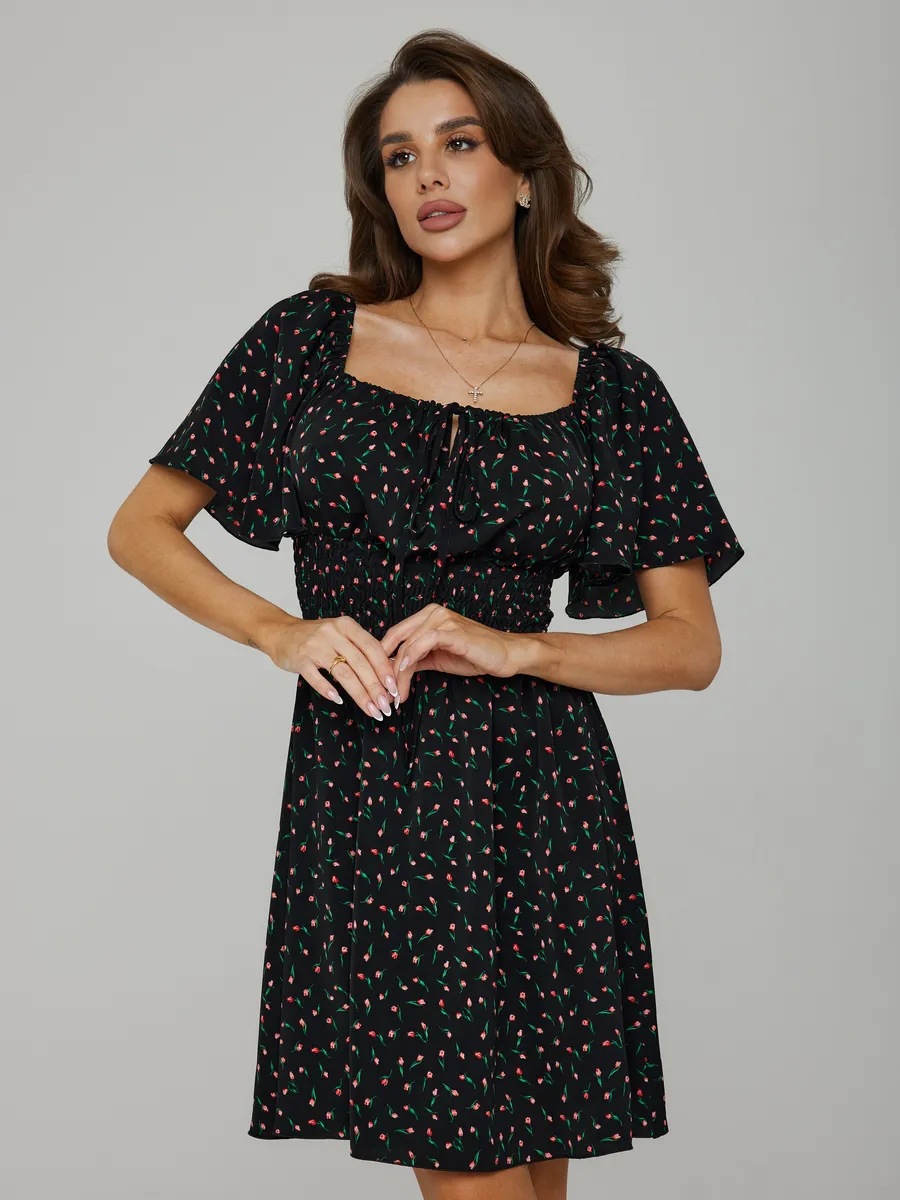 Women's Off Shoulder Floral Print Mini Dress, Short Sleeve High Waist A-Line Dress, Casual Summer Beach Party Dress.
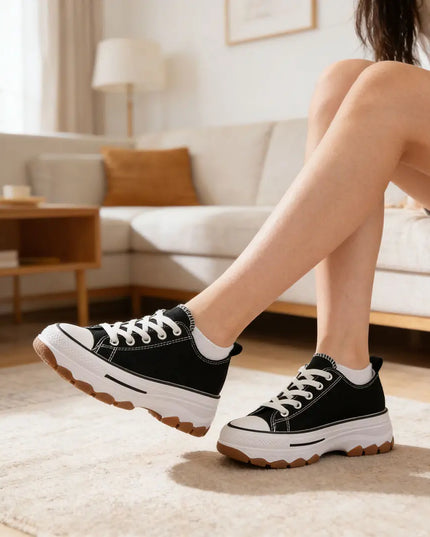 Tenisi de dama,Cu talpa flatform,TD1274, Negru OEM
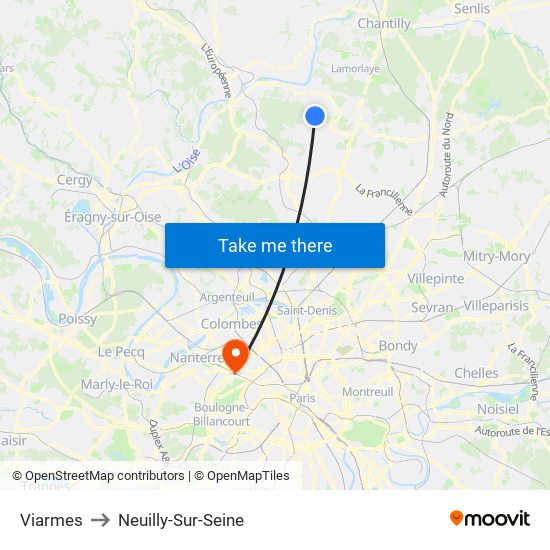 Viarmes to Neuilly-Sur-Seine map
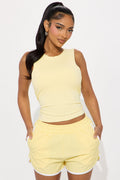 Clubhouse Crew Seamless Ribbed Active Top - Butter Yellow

== == ==

:: WHAT IS NEEDED ::
All of the material above must be retyped exactly, line for line, with the images dropped.

:: ANSWER BELOW ::
 Women's Off Shoulder Floral Print Mini Dress, Short Sleeve High Waist A-Line Dress, Casual Summer Beach Party Dress.
 Tenisi de dama,Cu talpa flatform,TD1274, Negru OEM
 Viarmes to Neuilly-Sur-Seine map
 Clubhouse Crew Seamless Ribbed Active Top - Butter Yellow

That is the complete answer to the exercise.